Mr Dickson’s Theatre of Ghosts
Mr Dickson’s Theatre of Ghosts is an unforgettable blend of archive film, storytelling, traditional stories and live music.
During the Silent Era films were often accompanied by live music and sometimes by a flamboyant Film Explainer. Part narrator, part actor these unforgettable characters were famous in their day. They stood beside the cinema screen and explained the action unfolding – often providing background information, speaking for the characters and bringing their own unique interpretation to the films.
The need for Film Explainers declined along with the Silent Era.
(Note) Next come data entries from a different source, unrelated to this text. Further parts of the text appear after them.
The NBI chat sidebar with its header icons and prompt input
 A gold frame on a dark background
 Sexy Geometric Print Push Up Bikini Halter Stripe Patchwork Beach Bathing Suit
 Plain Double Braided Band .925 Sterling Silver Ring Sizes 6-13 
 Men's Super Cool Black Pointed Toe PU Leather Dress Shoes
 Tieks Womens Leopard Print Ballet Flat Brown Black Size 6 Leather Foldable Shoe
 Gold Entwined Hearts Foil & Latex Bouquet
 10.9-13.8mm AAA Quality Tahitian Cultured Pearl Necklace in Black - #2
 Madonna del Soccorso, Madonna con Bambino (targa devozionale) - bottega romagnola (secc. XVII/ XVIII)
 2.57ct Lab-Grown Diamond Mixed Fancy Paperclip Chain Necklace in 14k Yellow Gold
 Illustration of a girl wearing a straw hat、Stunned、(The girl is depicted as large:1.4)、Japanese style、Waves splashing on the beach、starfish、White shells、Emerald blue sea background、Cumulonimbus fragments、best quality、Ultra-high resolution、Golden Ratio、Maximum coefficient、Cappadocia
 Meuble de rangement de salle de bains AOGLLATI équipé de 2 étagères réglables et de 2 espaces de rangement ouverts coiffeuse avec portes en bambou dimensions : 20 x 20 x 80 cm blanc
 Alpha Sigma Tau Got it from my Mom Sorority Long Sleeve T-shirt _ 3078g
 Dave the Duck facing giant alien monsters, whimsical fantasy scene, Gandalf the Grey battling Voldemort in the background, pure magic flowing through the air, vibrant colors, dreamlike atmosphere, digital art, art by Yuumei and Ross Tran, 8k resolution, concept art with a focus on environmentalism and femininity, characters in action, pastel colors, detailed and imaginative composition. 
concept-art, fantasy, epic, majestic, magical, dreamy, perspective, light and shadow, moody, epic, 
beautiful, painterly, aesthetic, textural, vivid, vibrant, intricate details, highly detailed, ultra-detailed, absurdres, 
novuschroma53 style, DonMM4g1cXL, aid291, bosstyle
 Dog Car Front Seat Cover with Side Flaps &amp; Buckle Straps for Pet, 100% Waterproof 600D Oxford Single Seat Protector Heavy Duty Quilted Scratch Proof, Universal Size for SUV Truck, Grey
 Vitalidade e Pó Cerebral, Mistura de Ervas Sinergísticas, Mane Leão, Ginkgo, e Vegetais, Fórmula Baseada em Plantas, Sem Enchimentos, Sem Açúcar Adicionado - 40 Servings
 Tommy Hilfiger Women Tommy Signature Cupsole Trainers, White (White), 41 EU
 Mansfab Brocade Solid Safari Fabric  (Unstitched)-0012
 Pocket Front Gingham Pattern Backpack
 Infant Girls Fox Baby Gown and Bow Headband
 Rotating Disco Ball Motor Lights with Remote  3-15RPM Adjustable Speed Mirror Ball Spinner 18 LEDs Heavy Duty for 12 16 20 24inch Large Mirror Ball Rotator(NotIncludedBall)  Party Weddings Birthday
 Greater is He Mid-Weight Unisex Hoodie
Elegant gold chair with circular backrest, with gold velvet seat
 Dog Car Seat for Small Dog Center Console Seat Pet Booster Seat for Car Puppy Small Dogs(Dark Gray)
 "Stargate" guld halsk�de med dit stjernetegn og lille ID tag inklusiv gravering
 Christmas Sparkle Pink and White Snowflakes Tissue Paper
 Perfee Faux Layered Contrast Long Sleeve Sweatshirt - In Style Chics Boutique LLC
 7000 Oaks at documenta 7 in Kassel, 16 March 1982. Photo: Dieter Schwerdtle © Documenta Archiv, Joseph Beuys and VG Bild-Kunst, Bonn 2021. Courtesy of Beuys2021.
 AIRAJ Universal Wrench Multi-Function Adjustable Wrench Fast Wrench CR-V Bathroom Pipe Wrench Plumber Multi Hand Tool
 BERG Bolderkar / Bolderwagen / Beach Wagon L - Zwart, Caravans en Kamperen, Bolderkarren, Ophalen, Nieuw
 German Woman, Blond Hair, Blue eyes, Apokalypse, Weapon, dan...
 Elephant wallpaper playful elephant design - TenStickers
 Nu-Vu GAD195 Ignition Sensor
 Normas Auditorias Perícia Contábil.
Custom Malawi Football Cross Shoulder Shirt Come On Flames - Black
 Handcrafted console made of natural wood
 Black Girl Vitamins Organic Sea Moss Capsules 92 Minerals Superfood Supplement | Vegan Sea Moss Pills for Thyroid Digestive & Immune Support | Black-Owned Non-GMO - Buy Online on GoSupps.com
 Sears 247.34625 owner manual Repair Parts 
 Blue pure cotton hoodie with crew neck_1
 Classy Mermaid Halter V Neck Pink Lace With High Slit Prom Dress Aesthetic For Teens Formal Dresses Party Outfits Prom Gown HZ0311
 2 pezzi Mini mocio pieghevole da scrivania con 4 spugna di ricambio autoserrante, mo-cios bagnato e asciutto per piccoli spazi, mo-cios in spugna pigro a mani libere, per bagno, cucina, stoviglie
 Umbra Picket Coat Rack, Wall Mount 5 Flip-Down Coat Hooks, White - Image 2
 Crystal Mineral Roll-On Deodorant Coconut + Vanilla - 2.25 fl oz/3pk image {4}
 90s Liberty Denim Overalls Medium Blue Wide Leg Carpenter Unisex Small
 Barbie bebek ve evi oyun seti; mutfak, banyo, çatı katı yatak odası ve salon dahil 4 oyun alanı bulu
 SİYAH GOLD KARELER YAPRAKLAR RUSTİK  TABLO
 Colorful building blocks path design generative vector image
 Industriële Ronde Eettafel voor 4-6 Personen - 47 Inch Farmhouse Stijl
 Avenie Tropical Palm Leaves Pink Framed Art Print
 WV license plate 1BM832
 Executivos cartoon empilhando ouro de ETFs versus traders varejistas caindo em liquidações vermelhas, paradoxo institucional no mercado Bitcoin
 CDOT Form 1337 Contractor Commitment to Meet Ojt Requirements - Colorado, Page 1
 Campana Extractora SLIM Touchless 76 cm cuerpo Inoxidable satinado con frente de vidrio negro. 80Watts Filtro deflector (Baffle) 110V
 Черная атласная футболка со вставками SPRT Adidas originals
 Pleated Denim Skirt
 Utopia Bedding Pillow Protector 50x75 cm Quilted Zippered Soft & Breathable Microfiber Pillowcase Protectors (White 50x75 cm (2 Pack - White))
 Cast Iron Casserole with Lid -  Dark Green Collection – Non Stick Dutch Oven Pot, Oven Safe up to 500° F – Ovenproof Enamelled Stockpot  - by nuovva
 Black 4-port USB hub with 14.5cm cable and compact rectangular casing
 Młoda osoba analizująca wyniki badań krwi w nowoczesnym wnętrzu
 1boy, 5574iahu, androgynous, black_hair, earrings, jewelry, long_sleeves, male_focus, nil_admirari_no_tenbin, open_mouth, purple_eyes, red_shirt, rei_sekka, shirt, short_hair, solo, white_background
Enter stage right renowned storyteller Andy Cannon as Mr MacBenshi*, the star of Mr Dickson’s Theatre of Ghosts, a new Film Explainer, steeped in Scottish history and all ready to ‘explain’ a rich collection of films from the Scottish Screen Archive. As he breathes new life into this lost art, Andy will be accompanied by cellist/composer Wendy Weatherby and musical director/guitarist and piper Frank McLaughlin. Between them they will weave together a new theatrical and cinematic experience that unites theatre, archive film, storytelling and live music.
The final production will be a touring show for theatre and filmgoers of all ages, which can be performed in both a cinema and theatre context.
Mr Dickson’s Theatre of Ghosts is based on Andy’s sell-out show The Lost Art of the Film Explainer which was commissioned by the Hippodrome Festival of Silent Cinema in 2012. Mr Dickson himself was the former owner of the Hippodrome in Bowness, Scotland’s oldest purpose built cinema.
The Lost Art of the Film Explainer performed at the Hippodrome Festival of Silent Cinema (2012 and 2013), the Dunoon Film Festival (2013), Dundee Contemporary Arts and the Adam Smith Theater in Kirkcaldy.
Listen to an interview with Andy Cannon talking about the show:
Press reviews for The Lost Art of the Film Explainer:
An exciting and compelling rebirth of a forgotten tradition, Lost Art of the Film Explainer is the perfect introduction to silent cinema for new audiences, while converts should simply add it to their “must see” list.
Audience feedback from performances of The Lost Art of the Film Explainer:
I would love to attend more shows with The Film Explainer. I learned so much and the films were brilliant.
It’s the quality of the live musical accompaniment to the films that really brings them alive.
The film explaining opened up a world of possibilities.
We loved The Lost Art of the Film Explainer. It was so different and interesting and well done.
Andy is one of Scotland’s most respected director/performer/writers, co-founding family theatre company Wee Stories. His work in theatre performance, story telling and education has earned him the loyalty and praise of audiences throughout Scotland, the UK and beyond.
Wendy has worked with many top Scottish musicians including Michael Marra and Phil Cunningham and has also had film scores performed on Channel 4, BBC2 and at the prestigious Celtic Connections Festival.
Frank is a guitarist and piper who is much acclaimed for his work with celebrated musicians such as Gillian MacDonald and the Mick West Band. Much in demand as a session player and teacher, his recordings credits include major projects such as The Complete Songs of Robert Tannahill.
* Benshi is the Japanese name for a Film Explainer. In Japan they lasted long after the end of silent era and continued to narrate foreign language films before the invention of subtitles. They were often more famous than the film stars whose films they narrated.